§ **WHAT THIS TASK INVOLVES**: From the records below, transcribe exactly the lines that begin at the line with "Один из небоскрёбов" and end at the line with "DR MARTENS women", both included.

(DATA RECORDS Opens)

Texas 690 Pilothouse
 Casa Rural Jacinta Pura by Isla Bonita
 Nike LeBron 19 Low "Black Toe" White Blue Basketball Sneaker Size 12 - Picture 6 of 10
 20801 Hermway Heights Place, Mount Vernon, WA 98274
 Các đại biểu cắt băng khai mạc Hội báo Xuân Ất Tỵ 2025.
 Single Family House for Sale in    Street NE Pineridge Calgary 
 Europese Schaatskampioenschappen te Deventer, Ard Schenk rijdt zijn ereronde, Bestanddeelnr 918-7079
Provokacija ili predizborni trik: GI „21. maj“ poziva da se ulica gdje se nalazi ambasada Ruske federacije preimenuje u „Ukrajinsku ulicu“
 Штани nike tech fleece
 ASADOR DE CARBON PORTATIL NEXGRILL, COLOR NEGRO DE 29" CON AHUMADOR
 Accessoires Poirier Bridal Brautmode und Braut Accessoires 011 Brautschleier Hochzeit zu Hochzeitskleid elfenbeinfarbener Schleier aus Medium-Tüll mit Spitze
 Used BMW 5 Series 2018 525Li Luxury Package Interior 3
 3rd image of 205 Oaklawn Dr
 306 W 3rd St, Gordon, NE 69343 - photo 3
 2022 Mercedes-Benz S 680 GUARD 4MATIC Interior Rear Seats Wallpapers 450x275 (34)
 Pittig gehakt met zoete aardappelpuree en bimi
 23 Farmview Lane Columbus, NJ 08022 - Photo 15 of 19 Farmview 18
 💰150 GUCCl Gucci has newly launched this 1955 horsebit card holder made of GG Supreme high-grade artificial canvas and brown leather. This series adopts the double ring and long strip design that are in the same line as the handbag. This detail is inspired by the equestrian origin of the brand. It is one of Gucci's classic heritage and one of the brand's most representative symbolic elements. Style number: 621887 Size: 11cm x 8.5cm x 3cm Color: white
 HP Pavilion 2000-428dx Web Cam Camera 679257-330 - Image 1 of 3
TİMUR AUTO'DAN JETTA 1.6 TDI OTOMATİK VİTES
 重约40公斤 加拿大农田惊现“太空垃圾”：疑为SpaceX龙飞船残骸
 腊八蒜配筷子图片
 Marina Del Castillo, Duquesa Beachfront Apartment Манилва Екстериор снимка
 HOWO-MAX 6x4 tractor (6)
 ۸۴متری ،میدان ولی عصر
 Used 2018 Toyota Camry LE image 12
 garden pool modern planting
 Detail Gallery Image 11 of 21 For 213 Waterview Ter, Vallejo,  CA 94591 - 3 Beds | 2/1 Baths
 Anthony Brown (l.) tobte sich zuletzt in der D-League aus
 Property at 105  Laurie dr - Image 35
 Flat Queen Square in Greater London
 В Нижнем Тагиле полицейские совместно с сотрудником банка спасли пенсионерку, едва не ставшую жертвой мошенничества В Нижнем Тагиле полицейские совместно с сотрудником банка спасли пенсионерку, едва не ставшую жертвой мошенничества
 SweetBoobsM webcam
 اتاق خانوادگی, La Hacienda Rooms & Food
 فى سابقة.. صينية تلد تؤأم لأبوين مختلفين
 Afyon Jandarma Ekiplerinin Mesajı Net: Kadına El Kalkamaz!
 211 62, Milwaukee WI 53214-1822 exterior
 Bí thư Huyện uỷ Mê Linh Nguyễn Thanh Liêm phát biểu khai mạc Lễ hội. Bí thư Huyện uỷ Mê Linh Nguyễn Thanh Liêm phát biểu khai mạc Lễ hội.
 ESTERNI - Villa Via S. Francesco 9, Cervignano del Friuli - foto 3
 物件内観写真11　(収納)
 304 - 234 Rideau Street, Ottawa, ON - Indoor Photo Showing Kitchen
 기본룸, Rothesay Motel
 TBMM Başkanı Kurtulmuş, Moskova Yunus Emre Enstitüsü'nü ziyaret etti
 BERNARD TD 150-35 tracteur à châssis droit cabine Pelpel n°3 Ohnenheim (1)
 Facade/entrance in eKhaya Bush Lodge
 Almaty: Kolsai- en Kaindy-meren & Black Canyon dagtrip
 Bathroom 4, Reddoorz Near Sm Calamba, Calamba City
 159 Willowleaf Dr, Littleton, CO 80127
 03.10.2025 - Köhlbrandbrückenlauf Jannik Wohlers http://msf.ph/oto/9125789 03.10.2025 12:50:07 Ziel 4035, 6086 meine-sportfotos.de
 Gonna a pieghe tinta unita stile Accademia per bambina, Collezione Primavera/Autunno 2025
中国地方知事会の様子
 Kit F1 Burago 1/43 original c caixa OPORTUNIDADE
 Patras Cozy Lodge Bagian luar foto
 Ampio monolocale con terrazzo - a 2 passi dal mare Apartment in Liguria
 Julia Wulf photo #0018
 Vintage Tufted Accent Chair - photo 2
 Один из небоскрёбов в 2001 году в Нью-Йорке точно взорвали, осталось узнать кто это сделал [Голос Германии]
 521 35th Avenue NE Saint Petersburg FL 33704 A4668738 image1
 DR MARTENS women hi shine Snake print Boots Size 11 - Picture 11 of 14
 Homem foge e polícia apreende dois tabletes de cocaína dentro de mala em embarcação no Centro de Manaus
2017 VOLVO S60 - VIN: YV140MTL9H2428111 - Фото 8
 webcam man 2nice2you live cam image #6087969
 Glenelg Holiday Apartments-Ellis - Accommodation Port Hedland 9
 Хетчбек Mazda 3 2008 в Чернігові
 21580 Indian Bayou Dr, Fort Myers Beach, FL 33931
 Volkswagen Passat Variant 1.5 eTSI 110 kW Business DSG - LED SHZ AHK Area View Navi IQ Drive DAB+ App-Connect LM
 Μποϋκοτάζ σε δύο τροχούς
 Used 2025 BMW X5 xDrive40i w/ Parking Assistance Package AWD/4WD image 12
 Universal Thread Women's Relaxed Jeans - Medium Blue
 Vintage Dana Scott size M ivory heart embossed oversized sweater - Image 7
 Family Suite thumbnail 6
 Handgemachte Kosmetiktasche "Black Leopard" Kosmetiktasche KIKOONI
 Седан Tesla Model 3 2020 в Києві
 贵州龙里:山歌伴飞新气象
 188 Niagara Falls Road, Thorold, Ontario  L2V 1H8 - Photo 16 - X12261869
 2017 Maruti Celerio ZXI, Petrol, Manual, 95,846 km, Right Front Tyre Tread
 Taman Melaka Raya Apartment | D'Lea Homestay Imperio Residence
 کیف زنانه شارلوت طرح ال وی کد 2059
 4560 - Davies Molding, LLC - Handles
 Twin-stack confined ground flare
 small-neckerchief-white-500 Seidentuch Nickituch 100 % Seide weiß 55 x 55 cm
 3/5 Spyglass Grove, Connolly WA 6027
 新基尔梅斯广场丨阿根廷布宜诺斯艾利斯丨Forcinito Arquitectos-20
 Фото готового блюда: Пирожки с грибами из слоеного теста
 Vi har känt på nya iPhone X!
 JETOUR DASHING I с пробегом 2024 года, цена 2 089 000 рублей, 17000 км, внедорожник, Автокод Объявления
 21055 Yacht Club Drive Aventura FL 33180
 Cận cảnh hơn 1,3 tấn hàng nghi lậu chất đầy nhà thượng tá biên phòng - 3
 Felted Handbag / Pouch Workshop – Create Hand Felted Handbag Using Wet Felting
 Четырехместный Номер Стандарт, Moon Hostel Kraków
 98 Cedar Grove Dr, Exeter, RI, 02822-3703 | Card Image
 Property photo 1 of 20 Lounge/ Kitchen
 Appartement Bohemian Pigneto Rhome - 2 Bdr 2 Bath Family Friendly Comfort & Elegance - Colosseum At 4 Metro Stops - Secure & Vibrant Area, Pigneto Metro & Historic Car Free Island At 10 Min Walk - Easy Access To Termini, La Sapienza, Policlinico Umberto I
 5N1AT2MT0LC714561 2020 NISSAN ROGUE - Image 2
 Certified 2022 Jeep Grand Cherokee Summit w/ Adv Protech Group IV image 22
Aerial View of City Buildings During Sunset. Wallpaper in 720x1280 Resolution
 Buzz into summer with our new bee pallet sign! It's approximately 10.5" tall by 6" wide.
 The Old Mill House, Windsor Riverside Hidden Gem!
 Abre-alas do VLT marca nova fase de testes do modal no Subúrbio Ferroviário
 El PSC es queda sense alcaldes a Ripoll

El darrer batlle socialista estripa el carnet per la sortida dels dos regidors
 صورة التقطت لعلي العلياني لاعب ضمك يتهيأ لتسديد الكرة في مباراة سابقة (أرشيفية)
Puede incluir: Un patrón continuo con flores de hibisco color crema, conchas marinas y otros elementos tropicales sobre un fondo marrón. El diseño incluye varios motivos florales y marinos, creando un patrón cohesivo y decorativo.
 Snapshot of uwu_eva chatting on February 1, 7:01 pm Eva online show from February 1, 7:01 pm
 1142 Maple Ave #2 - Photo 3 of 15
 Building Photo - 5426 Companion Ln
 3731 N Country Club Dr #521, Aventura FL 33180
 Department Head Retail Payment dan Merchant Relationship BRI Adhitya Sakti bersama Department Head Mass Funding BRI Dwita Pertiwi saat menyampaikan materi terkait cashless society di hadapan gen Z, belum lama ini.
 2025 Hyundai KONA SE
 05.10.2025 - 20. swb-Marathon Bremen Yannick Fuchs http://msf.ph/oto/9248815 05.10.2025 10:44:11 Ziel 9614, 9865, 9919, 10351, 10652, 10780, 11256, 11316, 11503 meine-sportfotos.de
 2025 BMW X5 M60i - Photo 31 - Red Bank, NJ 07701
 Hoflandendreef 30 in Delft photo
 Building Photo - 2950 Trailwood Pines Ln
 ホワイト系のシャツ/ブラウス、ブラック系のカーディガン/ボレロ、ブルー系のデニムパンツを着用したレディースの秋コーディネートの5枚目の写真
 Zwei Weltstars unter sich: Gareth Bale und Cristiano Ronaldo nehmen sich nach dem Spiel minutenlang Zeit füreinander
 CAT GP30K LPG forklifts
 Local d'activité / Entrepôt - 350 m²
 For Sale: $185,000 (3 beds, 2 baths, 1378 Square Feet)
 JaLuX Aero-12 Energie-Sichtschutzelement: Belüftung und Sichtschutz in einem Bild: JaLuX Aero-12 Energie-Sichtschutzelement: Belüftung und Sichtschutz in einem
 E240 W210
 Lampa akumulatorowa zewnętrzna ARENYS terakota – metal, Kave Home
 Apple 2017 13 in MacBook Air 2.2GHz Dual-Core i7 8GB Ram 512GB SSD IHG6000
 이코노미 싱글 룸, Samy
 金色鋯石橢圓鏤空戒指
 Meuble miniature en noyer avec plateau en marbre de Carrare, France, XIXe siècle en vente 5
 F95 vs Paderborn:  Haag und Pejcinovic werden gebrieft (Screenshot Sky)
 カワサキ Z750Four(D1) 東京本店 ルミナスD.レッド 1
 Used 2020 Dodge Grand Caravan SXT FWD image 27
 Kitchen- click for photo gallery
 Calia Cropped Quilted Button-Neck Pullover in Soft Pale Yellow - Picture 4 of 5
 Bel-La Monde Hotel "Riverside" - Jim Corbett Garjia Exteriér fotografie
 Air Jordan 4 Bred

(DATA RECORDS Closes)

§ **TASK SOLUTION**:
 Один из небоскрёбов в 2001 году в Нью-Йорке точно взорвали, осталось узнать кто это сделал [Голос Германии]
 521 35th Avenue NE Saint Petersburg FL 33704 A4668738 image1
 DR MARTENS women hi shine Snake print Boots Size 11 - Picture 11 of 14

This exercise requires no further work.